(INFORMATION Opens)
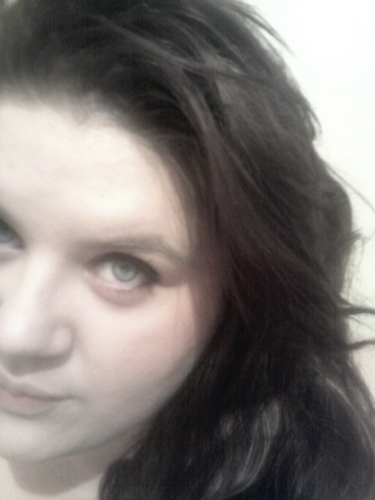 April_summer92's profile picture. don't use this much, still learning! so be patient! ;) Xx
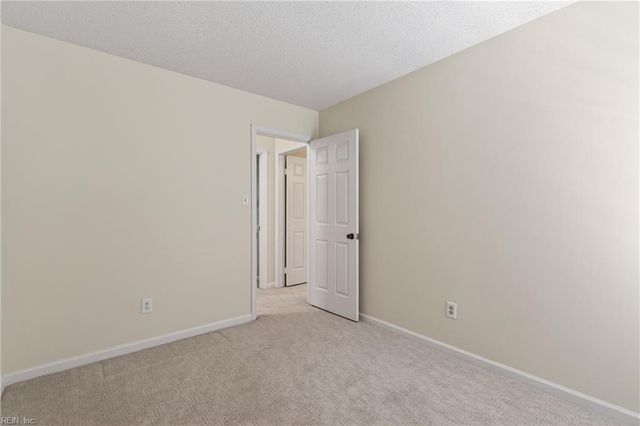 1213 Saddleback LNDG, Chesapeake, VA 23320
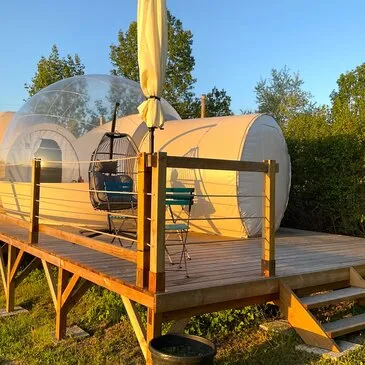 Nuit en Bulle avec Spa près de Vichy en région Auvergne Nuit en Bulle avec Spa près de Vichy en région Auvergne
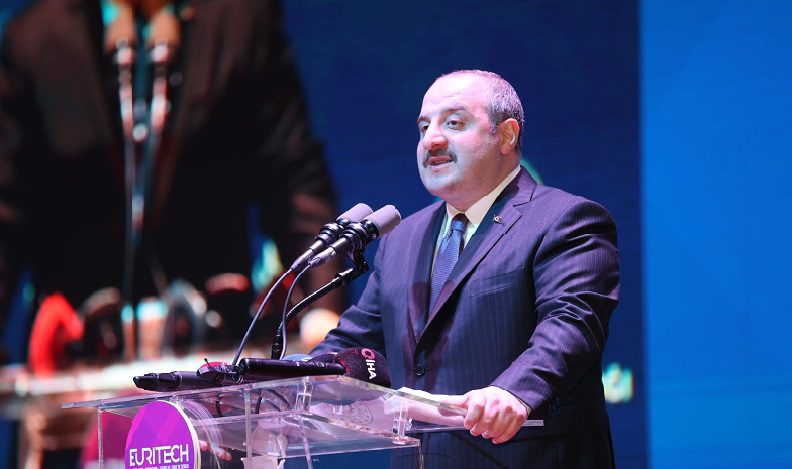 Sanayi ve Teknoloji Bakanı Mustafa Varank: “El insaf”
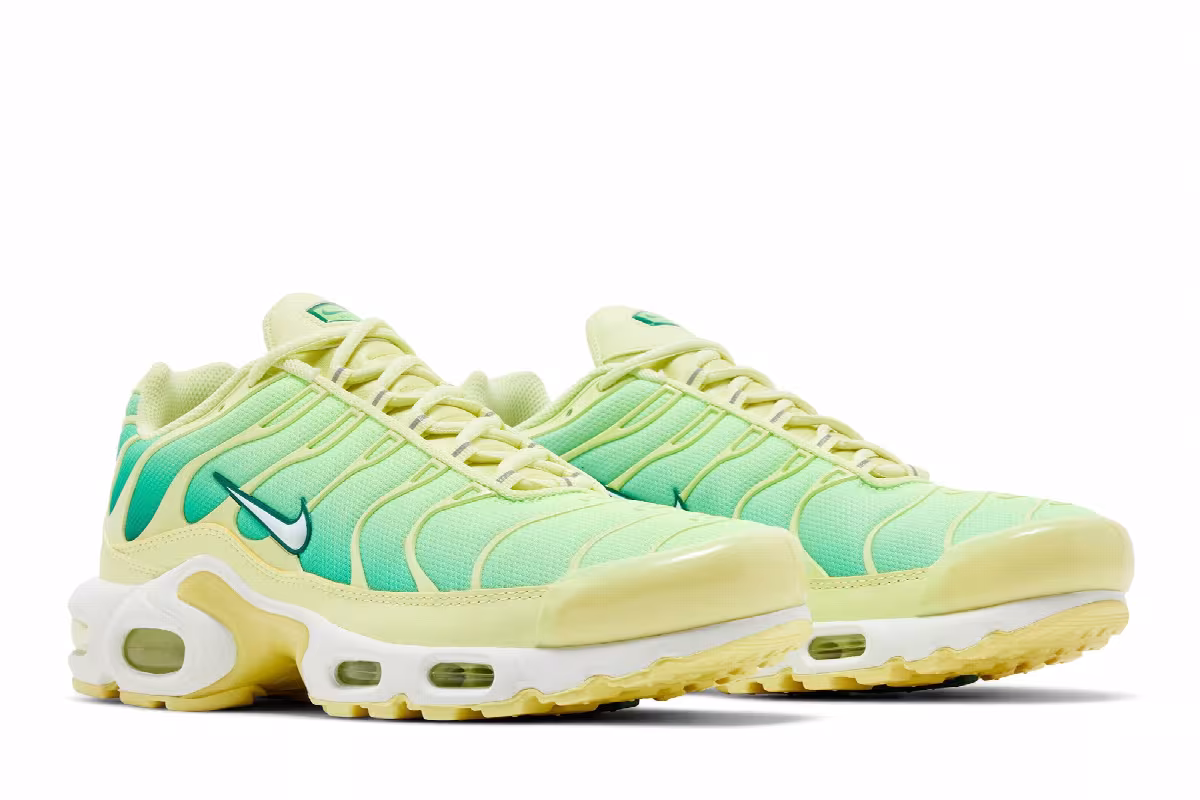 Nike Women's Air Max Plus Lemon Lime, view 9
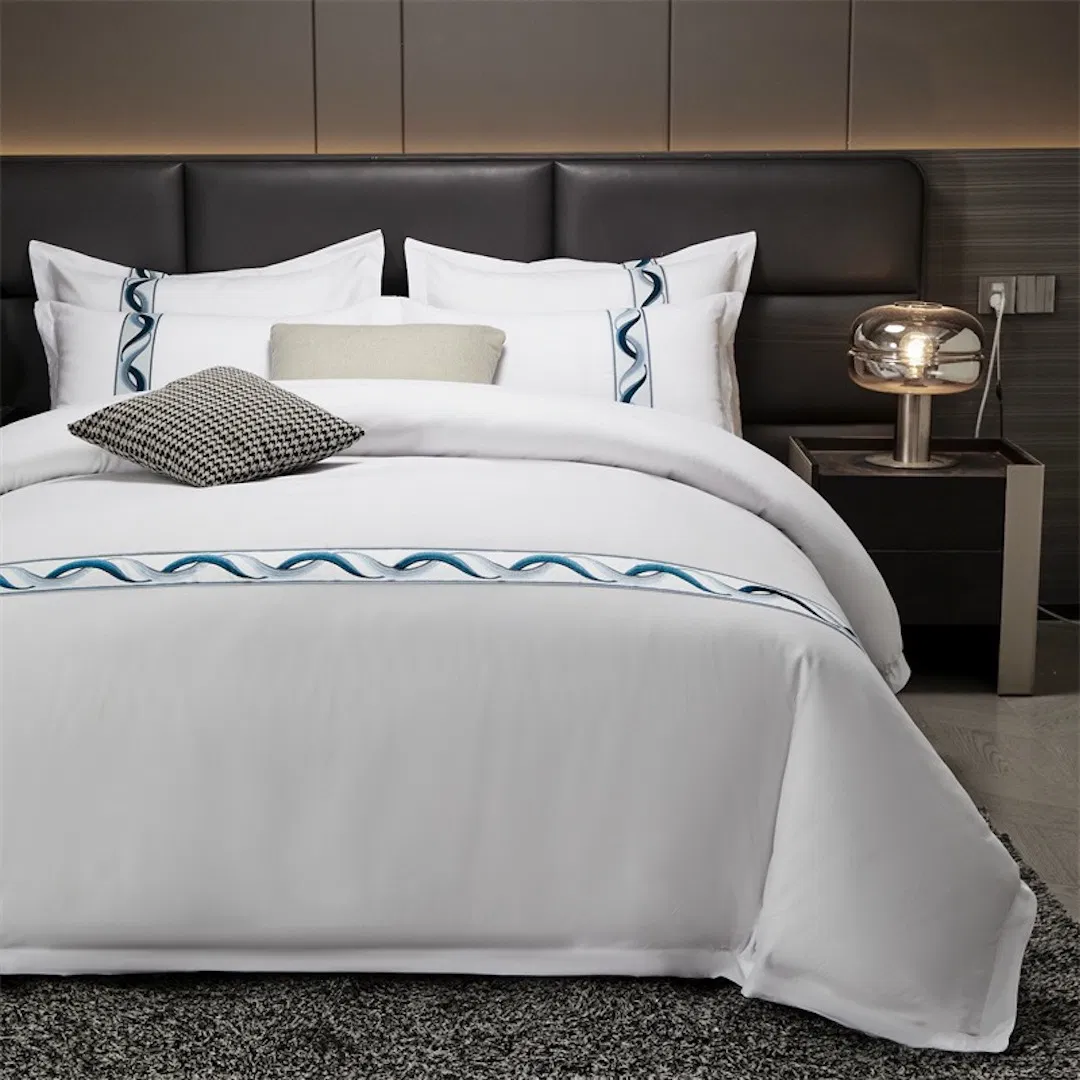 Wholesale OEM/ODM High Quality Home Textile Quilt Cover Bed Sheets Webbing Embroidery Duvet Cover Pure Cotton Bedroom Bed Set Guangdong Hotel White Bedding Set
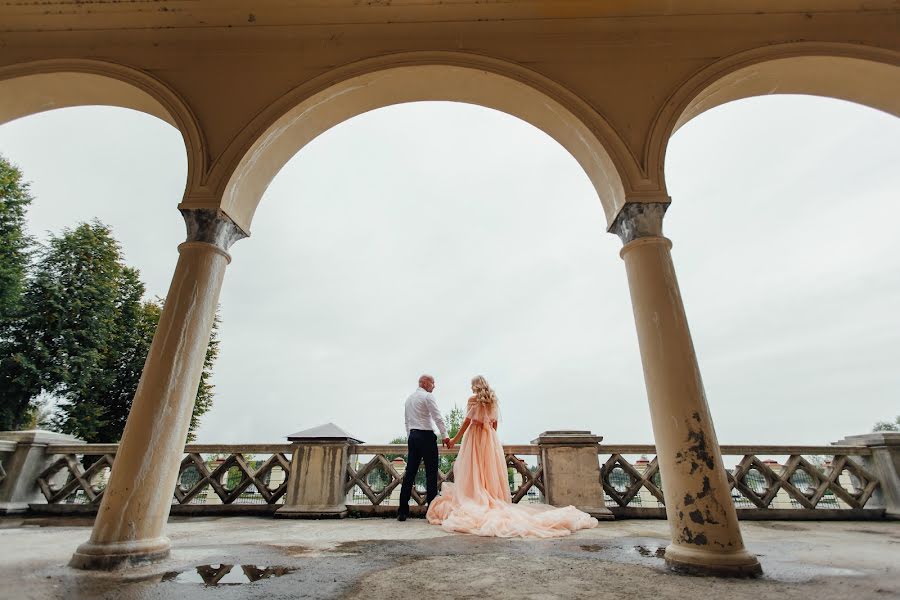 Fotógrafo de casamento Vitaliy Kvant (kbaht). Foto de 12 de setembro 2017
(INFORMATION Closes)
### TASK STATEMENT
The expected output is every entry above, character for character, with no pictures.

### COMPLETED EXERCISE
 April_summer92's profile picture. don't use this much, still learning! so be patient! ;) Xx
 1213 Saddleback LNDG, Chesapeake, VA 23320
 Nuit en Bulle avec Spa près de Vichy en région Auvergne Nuit en Bulle avec Spa près de Vichy en région Auvergne
 Sanayi ve Teknoloji Bakanı Mustafa Varank: “El insaf”
 Nike Women's Air Max Plus Lemon Lime, view 9
 Wholesale OEM/ODM High Quality Home Textile Quilt Cover Bed Sheets Webbing Embroidery Duvet Cover Pure Cotton Bedroom Bed Set Guangdong Hotel White Bedding Set
 Fotógrafo de casamento Vitaliy Kvant (kbaht). Foto de 12 de setembro 2017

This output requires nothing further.